Les Désorientés, d’Amin Maalouf (éd. Grasset)

Adam quitte son pays au moment où la guerre éclate et n’y retourne pas jusqu’à ce que, vingt-cinq ans plus tard, la femme d’un « ancien ami » lui demande de se rendre au chevet de son mari mourant. Quelques heures plus tard, Adam retrouve sa terre natale. Les souvenirs, les amitiés, la guerre,  les trahisons, la nostalgie, les émotions de l’exilé, longtemps contenues, ressurgissent. Les amis d’enfance séparés par la guerre se retrouvent.

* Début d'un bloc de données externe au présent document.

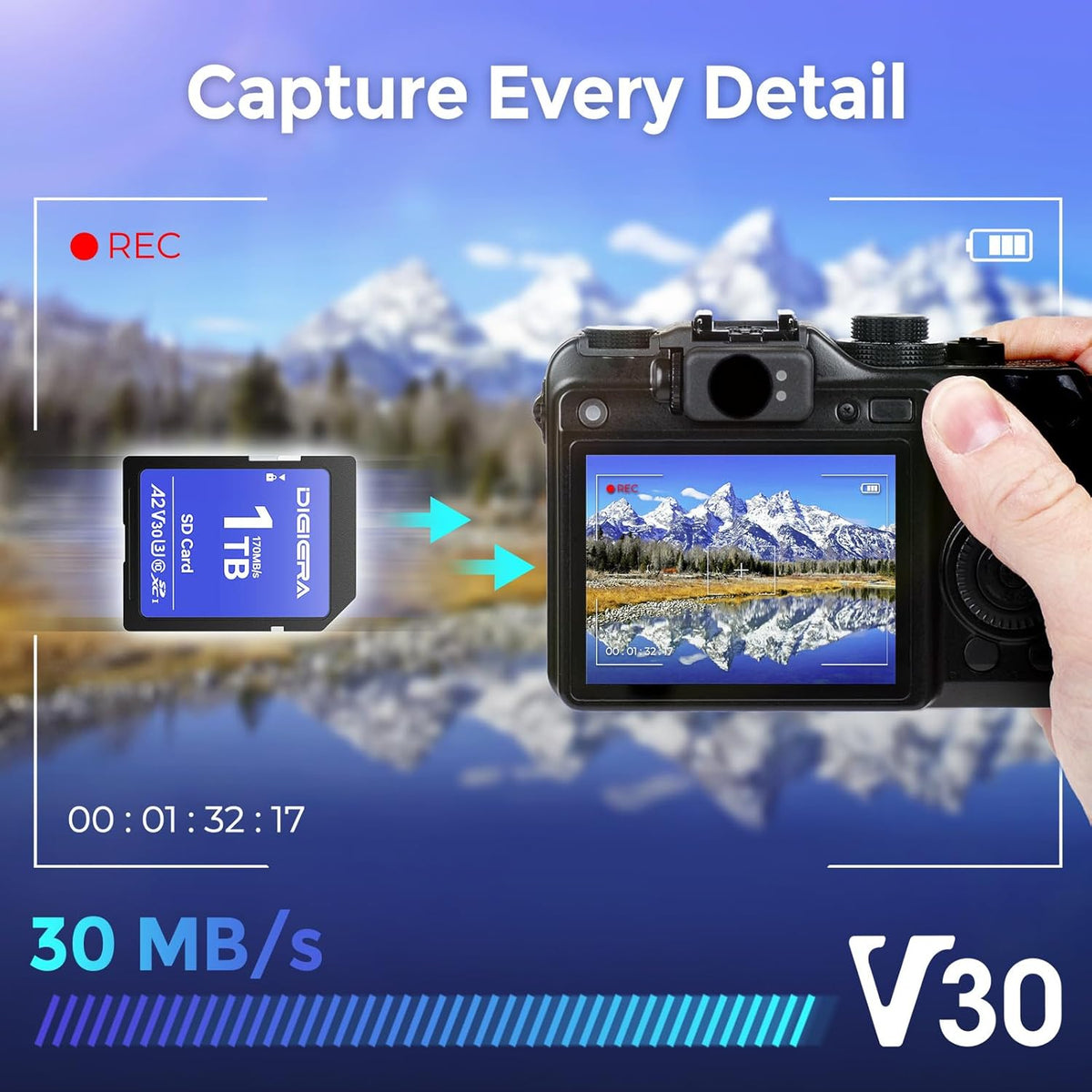 1T LS100 SDXC UHS-I Memory Card - up to 170MB/s, C10, U3, V30, 4K UHD, SD Card for Computers, Digital Cameras, Home Theatre Devices, Car Navigation Systems (1 Pack)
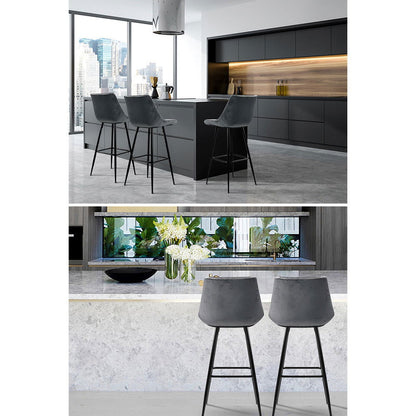 Artiss 2x Bar Stools Velvet Chairs Grey - Cosy Abode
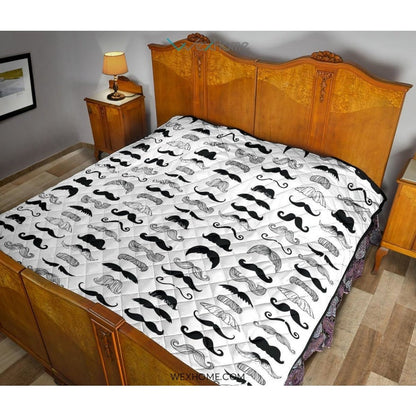 Mustache Beard Pattern Print Design 04 Premium Quilt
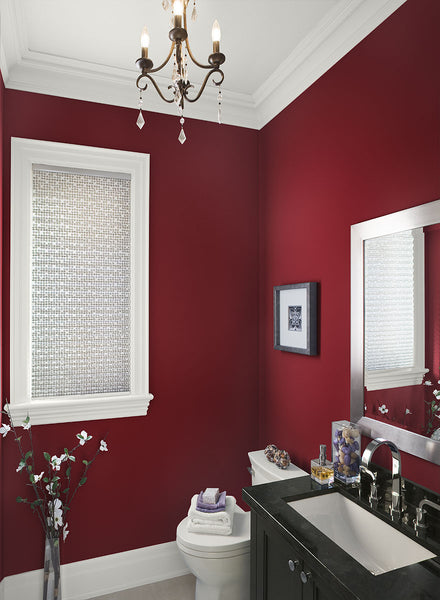 contemporary dark red bathroom with white accents, black bathroom cabinets, and small chandelier... Red Bathroom Inspiration from Bathroom Bliss by Rotator Rod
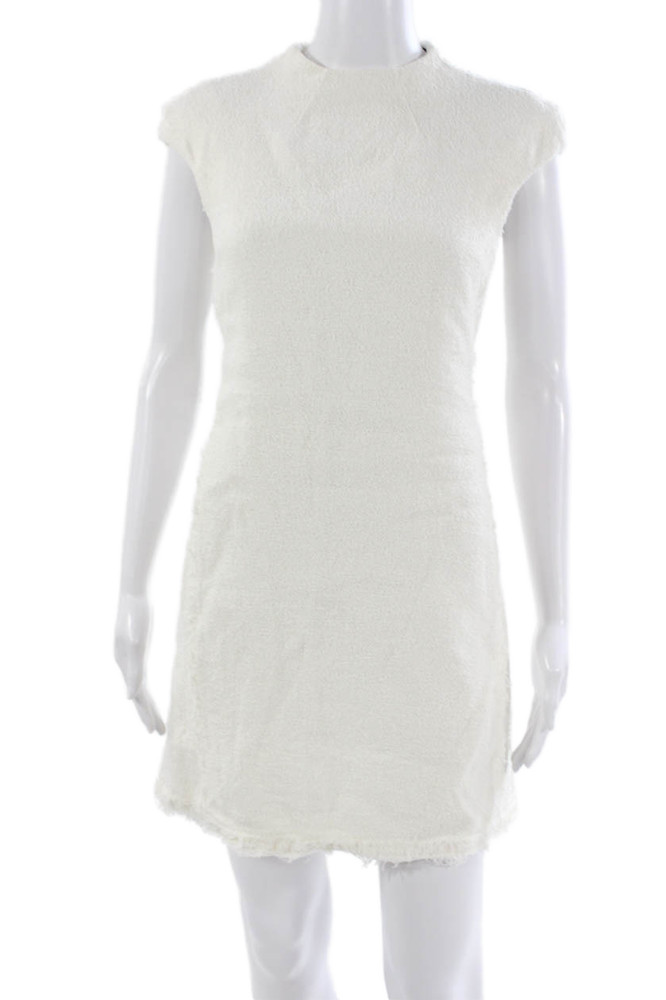 Theory Womens Shift Dress White Cotton Crew Neck Short Sleeve Zip Size 2Free Shipping in US $100+ Orders | $6.95 Orders Below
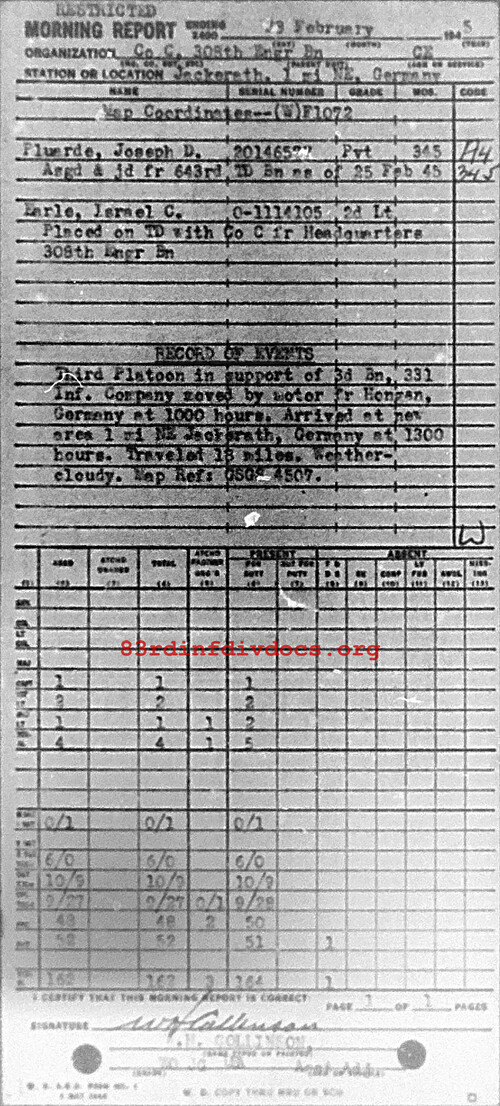Morning report C Co, 1945-02-28, page 1 Morning report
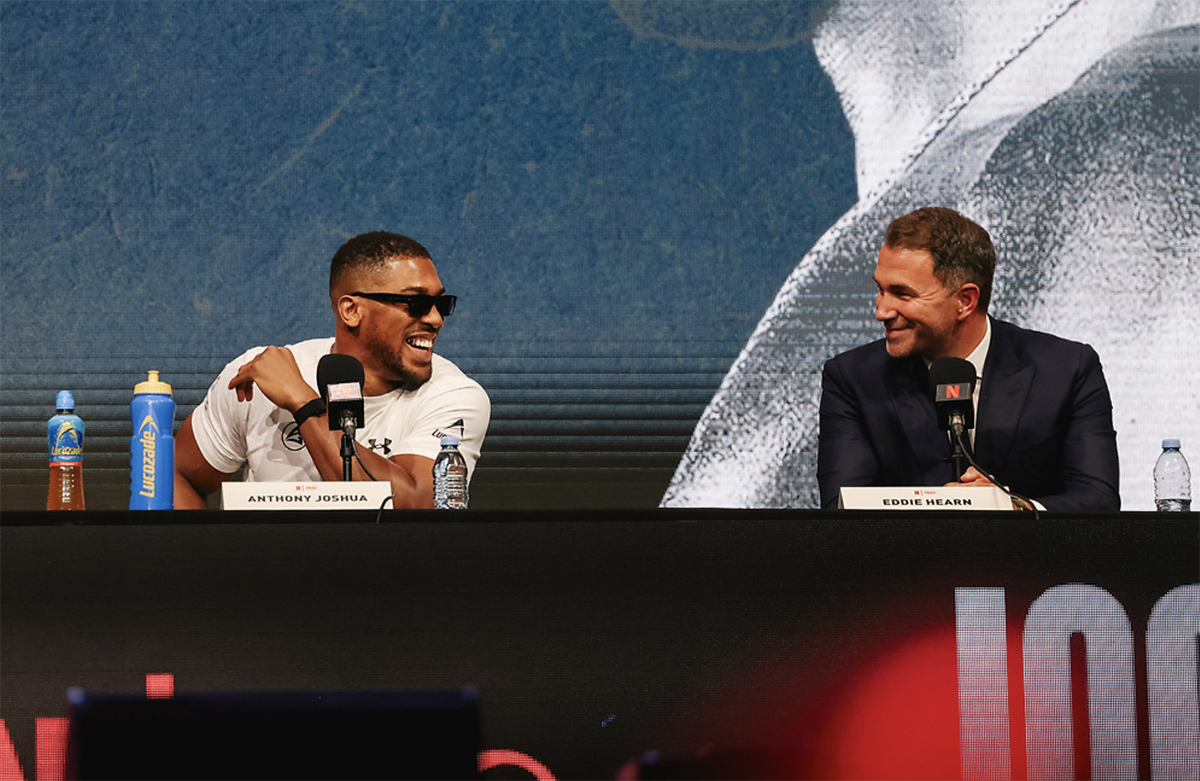 Anthony Joshua and Eddie Hearn were all smiles Wednesday. Photo: Zacharias Delgado, Matchroom Boxing Fury vs Joshua
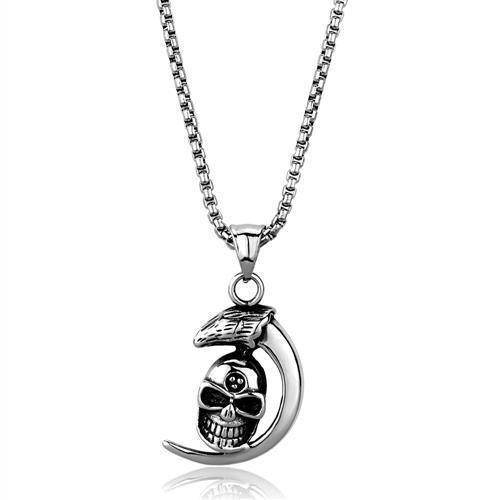 Men's high polished skull necklace with silver chain and unique pendant design for bold style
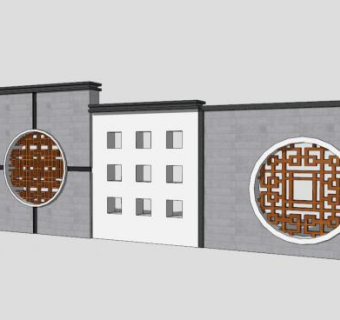 中国风古典景墙设计SU模型下载_sketchup草图大师SKP模型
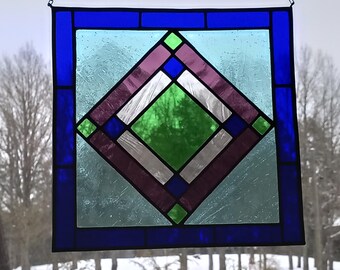 Geometric Stained Glass Suncatcher, Blue & Green Squares Panel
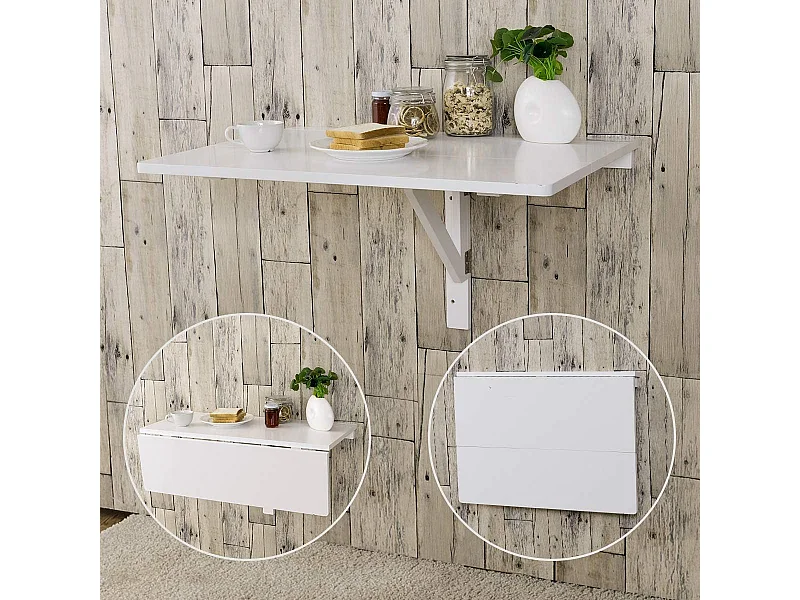 Table de Cuisine Pliante Rabattable Bureau Murale Mural Meuble de Cuisine en Bois pour Salle à Manger Chambre, Salon Blanc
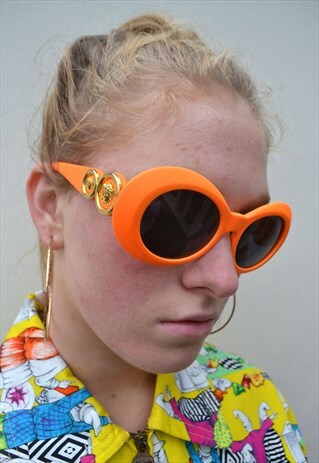 RARE GIANNI VERSACE NEON ORANGE SHADES SUNGLASSES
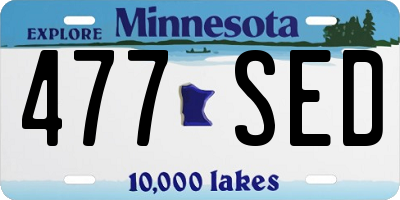 MN license plate 477SED
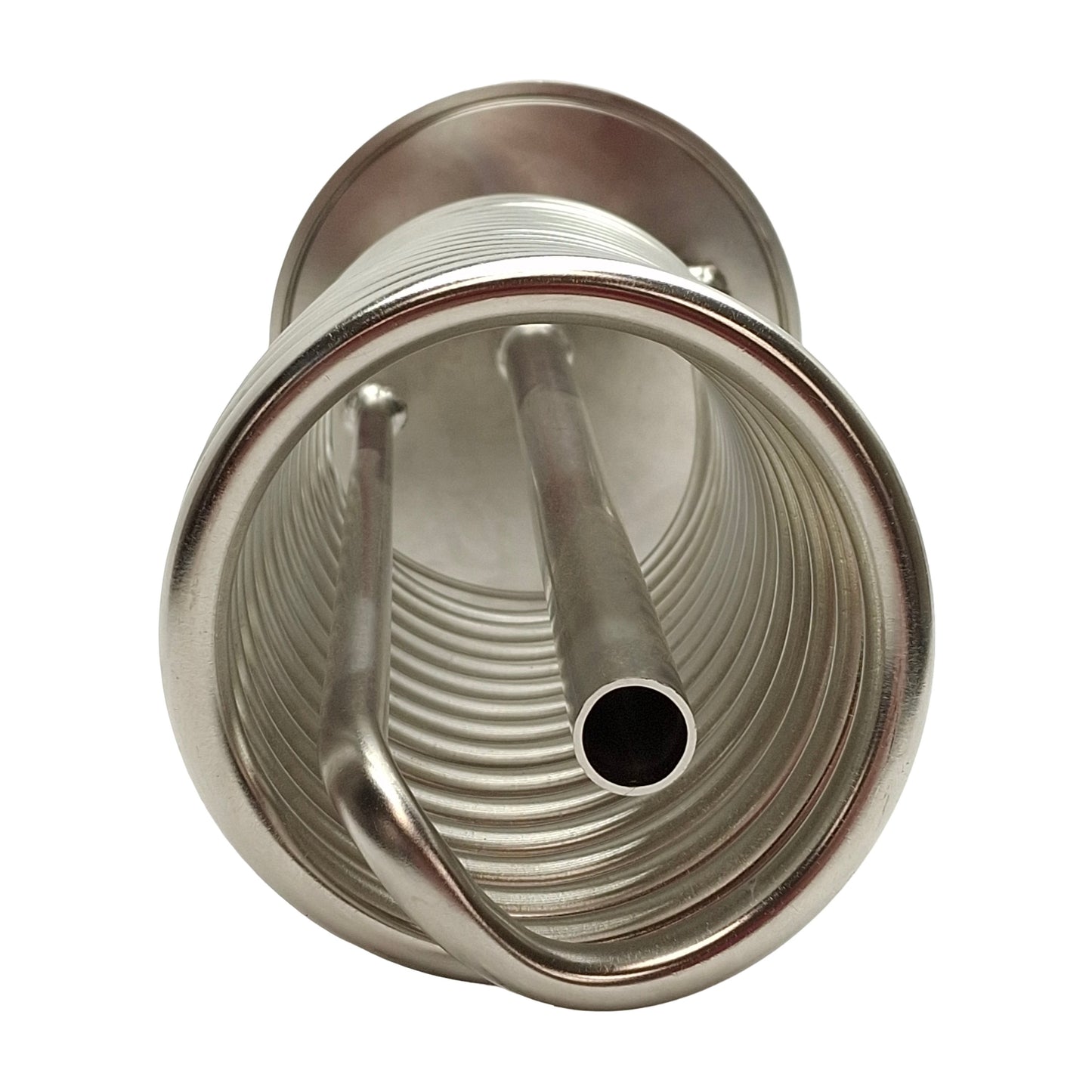 Used Stainless Steel Sanitary Heat Exchange Coil, 16in Coil, 6in Tri-Clamp, 1/2NPT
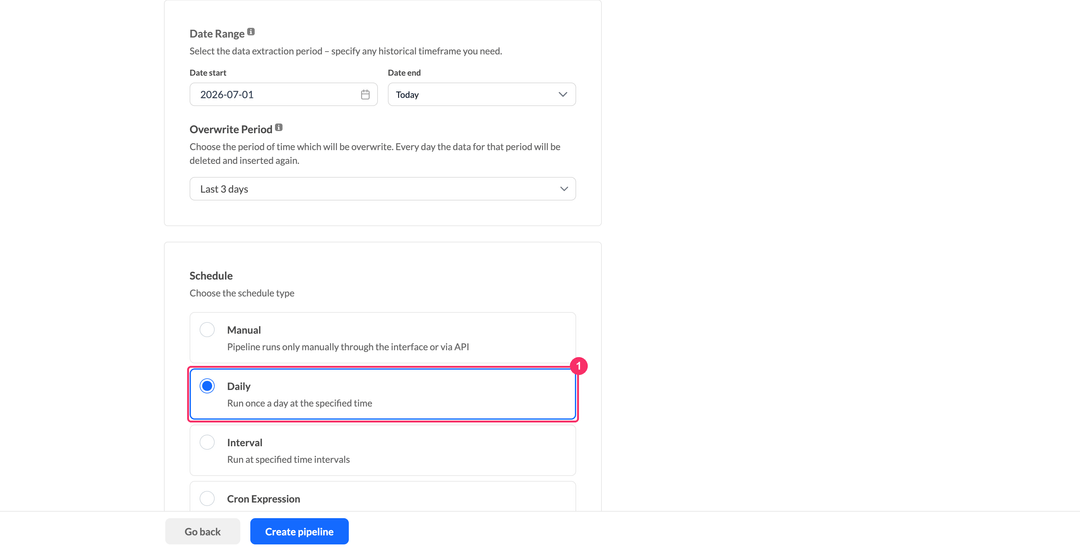 Выбор типа расписания LinkedIn Ads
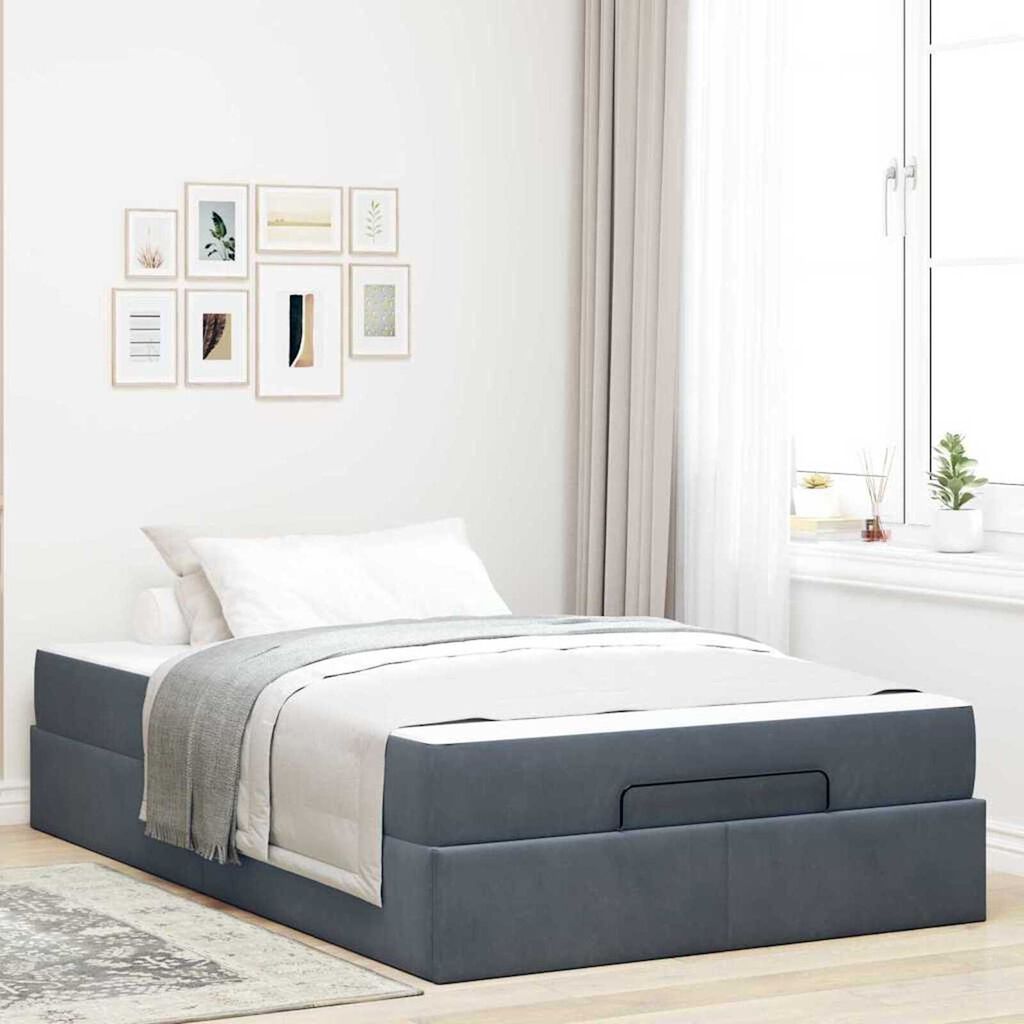 vidaXL Σκελετός Κρεβατιού Σκούρο γκρι 120 x 190 cm Βελούδο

Amin Maalouf interroge, cherche, fouille et livre une réflexion sincère sur les relations Orient/Occident, sur les traumatismes causés par la guerre libanaise,  sur ce qu’on est à vingt ans, aux idées révolutionnaires que l’on nourrit à cet âge-là, et  ce qu’il en reste un quart de siècle plus tard . Sur l’engagement et les compromissions, la loyauté et la corruption, sur le passé que l’on a peur de revisiter,  sur l’amitié, l’amour, la tolérance, sur sa présence au monde et la place qu’il faut y trouver.

Mais le sujet  au cœur de son attention, déjà abordé dans Les Identités meurtrières et  Origines, c’est  bien l’identité,  l’appartenance à une communauté, religieuse ou non, et cet « art de vivre ensemble avec d’autres communautés que la sienne », qui selon lui définit la civilisation levantine.

Amin Maalouf, écrivain d’origine libanaise entré récemment à l’Académie française, signe un roman personnel très attachant et nous éblouit de son écriture noble, toute à la fois pudique sensuelle et subtile  (jusque dans le jeu de mots du titre).